#### What is required
When you reproduce the data, keep every word exactly as it stands and leave the pictures out.
----- The data -----
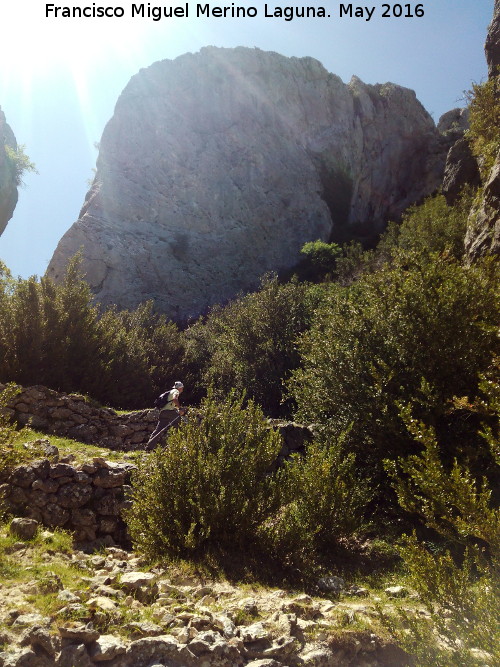 Camino de herradura del Banderillas - Camino de herradura del Banderillas. 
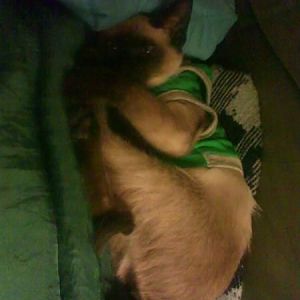 my other crazy animals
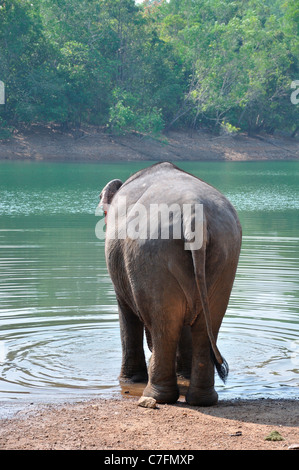 Sanctuaire de la vie sauvage Periyar Banque D'Images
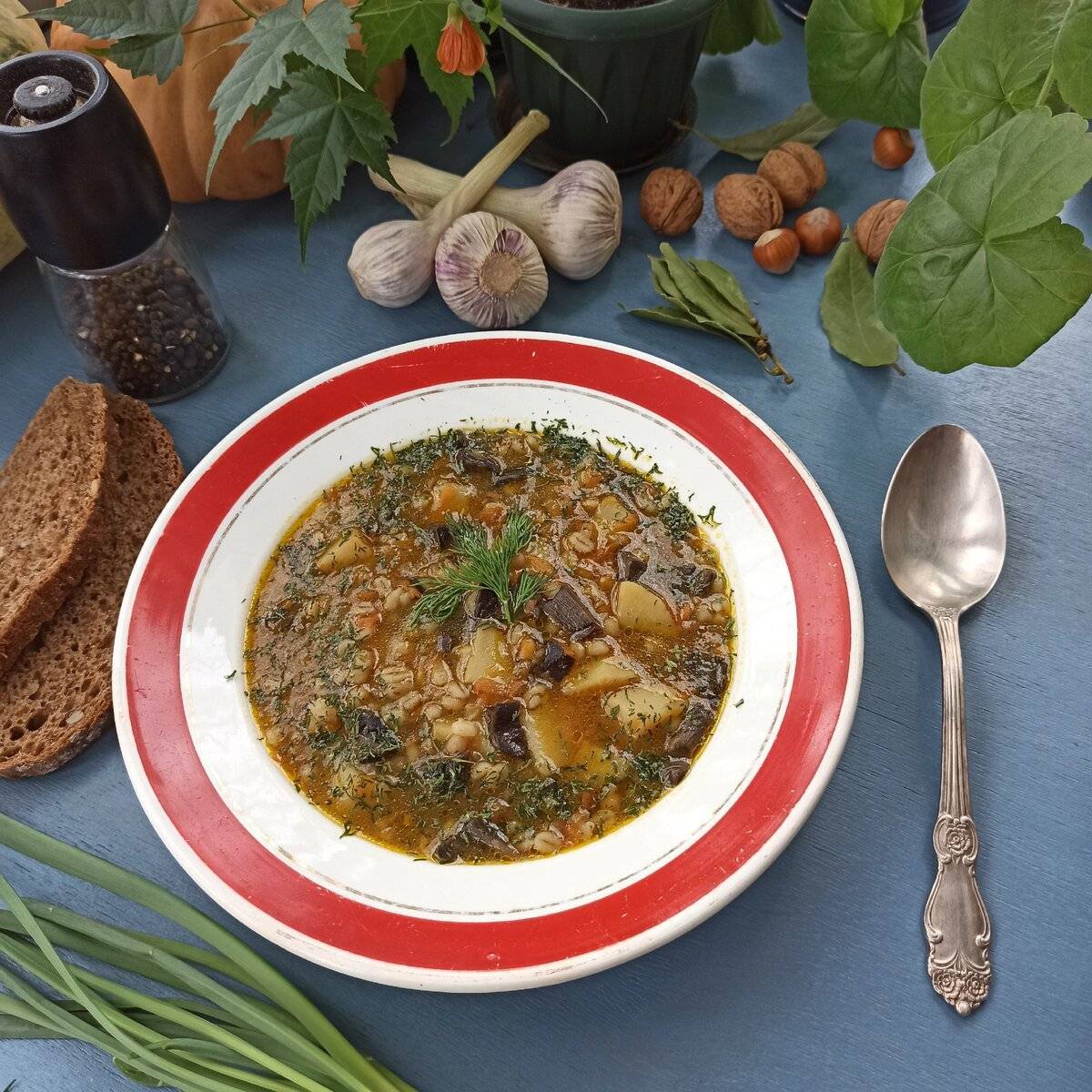 Суп из сушеных грибов: полезные советы и топ-4 рецепта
-----
#### Answer to this exercise
 Camino de herradura del Banderillas - Camino de herradura del Banderillas. 
 my other crazy animals
 Sanctuaire de la vie sauvage Periyar Banque D'Images
 Суп из сушеных грибов: полезные советы и топ-4 рецепта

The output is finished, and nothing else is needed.